Friday 18 November 2016

#ReadaPlayaWeek: Chicken Soup with Barley

It’s not always possible to see every play. Plays are incomplete on the page but they also have a separate and just as important existence there. This initiative (in its third year) encourages us (and hopefully others) to read more widely. And, as achieved in 2015, we shall try to choose 26 male playwrights and 26 female playwrights for our play choices. The plays from the first half of this year can be seen here.

Week 46: Arnold Wesker’s Chicken Soup with Barley (1958)

I’m about half way through The Wesker Trilogy (made up of Chicken Soup with Barley, Roots and I’m Talking about Jerusalem). Overtly political, and taking a sympathetic and sometimes critical lens to working class lives, they are three of the most famous kitchen sink dramas to come out of the Royal Court Theatre.

To give you an idea of the setup, Chicken Soup with Barley is about the Khan family, a working class, socialist, Jewish family in London.
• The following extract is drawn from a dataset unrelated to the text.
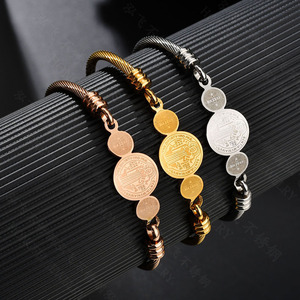 Pulsera de titanio y acero inoxidable personalizada en oro rosa al por mayor, brazalete ajustable con cable para mujer, joyería con dijes religiosos - Product Image 5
Act one is set in the thirties amidst a time of political urgency. Acts two and three, the former just after WWII and the latter in the fifties, sees that sense of excitement and faith in communism in decline along with the Khan family itself. Furthermore, in mapping the changing dynamics of the Khans and their friends, Wesker chronicles a nation’s drastic changes post-war.

The characters – their dreams, what they stand for, and how that changes – are minutely portrayed. The play opens with Sarah, Jewish and about 37 in the 1936 setting of act one. She’s always seen cooking or making tea and her ‘movements indicate great energy and vitality’ (p.11). Vitality is the cornerstone to this play (and I recommend Dan Rebellato’s analysis on this in 1956 and All That): some characters speak with bundles of passion and Wesker often equates characters having vigour in their personality with their physical well being. Harry’s, Sarah’s husband, impotence as a husband, father, worker and political activist eventually sees him all but give up on life and his body cease up. (On the other hand, the elderly Stann Mann in Roots shows his plentiful energy for life by dying). In the first act, nearly all of the characters are infused with a buzz for the communist revolt in which they are partaking. A revolutionary song plays, the red flag is waved, and they all hold a strong belief in their cause and hope for a changing political society. ‘[S]how a young person what socialism means’, Harry cries to his comrades, ‘and he recognises life! A future!’ (p.31). 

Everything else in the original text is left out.